Yoroshiku is one of those magical multi-purpose Japanese phrases that has flexibility to fit countless situations and that smoothes social interactions wherever it's used. Hardly a day goes by in Japan that you don't hear it said repeatedly. But how to translate it? - That's the conundrum.
At first blush it can sound similar to "regards," such as "Best regards" at the end of an email and "Please give so-and-so my regards." In English this implies one's own respect or esteem for the other person. In the Japanese concept, however, to assume you are in a position to bestow your esteem on another would seem highly presumptuous!
The important concept behind yoroshiku and what is missing in most translations, is the inherent element of humility. So a better interpretation of the expressions above would be something akin to, "Kindly bestow your best regard on me," or "Please grant your favor to me," and "Please ask so-and-so to think on me kindly."
So the first problem is, in similar situations, we would often say something with the entirely reverse sentiment. The second challenge is that its very versatility makes its meaning fluidly conform to the occasion. And subject is almost always implied and not actually said or written and, therefore, must be deduced by the context. These all mean that finding the right words in English require some skillful verbal gymnastics.
Here are some examples:
- "We are going to be lecturing on theory for the first hour, but then we would like volunteers to role play situations after that, so yoroshiku onegai itashimasu*." (We'd like to ask for your attention and cooperation.)
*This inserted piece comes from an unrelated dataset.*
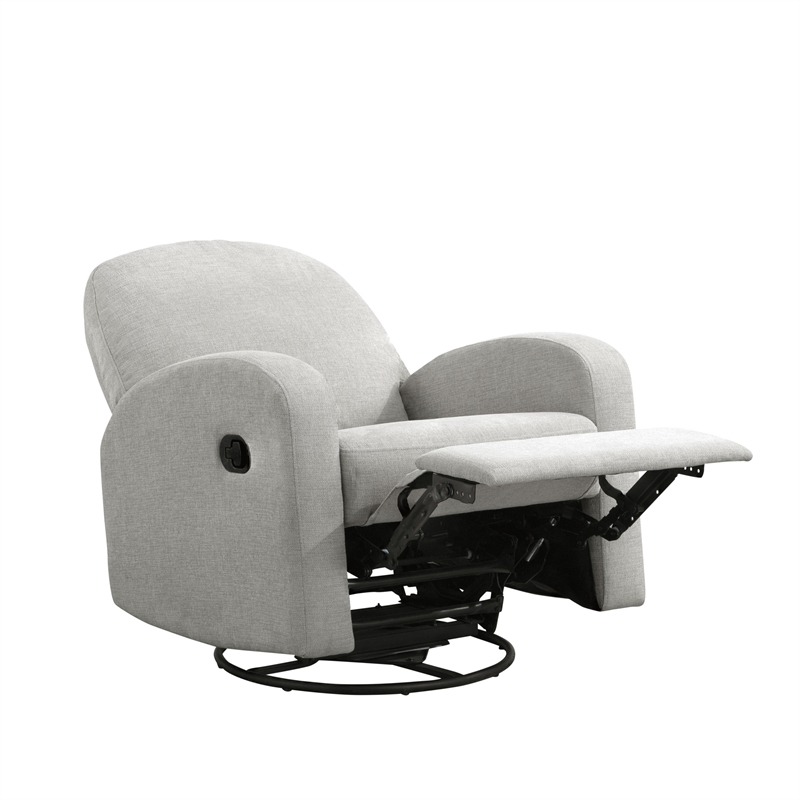 Relax A Lounger Parson Swivel Rocker Recliner in Light Gray Polyeseter Fabric
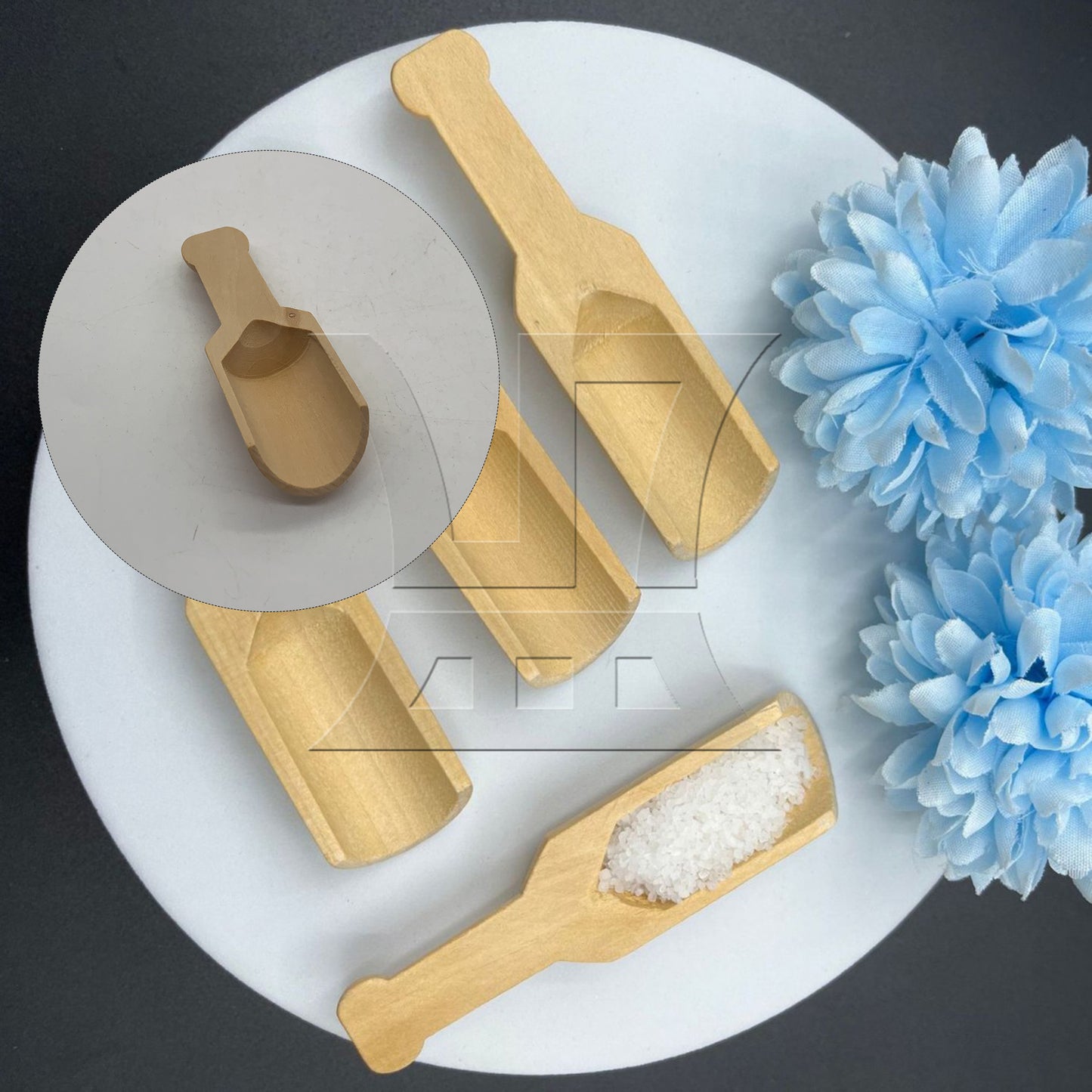 BQLZR 9.5x3.4cm Wood Color Natural Wooden Wood Salt Spoon Spice Spoons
- "In this meeting, we'd like to discuss the ways our two companies might work together, so yoroshiku onegai shimasu." (Please think of us favorably.)
- "Here are the documents you said you would translate. Yoroshiku onegai shimasu." (Thank you in advance for doing this for me.)
- "It's your turn to do the money collection so yoroshiku." (We're counting on you.)
- "We'll all need to work hard to get this done in time. Yoroshiku." (Sorry to ask this of you, but I'm counting on everyone's full effort.)
- "I wanted to let you know I'll be a little late. Yoroshiku. (I'm indebted to you for your understanding.)
- "We'll meet at 5:00 then.Yoroshiku." (Thanks.)
- You're joining a new group: "Yoroshiku onegai shimasu." (Please help and guide me when I need it.)
- You're meeting an important person for the first time: "Yoroshiku onegai itashimasu." (Please bestow your kind regard on me.)
The hard part is trying to translate this squirmy phrase. The easy part is that you can use it for so many things! And if someone says it to you, most of the time protocol requires that you say it back to them (matching their bow), unless they are clearly asking a favor, to which you can simply reply "I understand" or "Not at all."
But the important thing to remember is that, as a humble phrase, it softens the interaction and elicits good feelings from others. It's an exquisite short-hand remark that conveys your acceptance of the indebtedness of all relationships.
Yoroshiku onegai shimasu!
* There are different levels of formality one needs to pay attention to:
Yoroshiku - very informal, used with underlings and good friends.
Douzo yoroshiku - less informal, used with colleagues
Yoroshiku onegai shimasu - more formal, used for someone higher up or when you are in doubt of which level to use.
Yoroshiku onegai itashimasu - very formal/humble, used with clients and important people.
Yoroshiku mooshi agemasu - exceedingly formal/humble, sometimes used in New Year's greeting cards.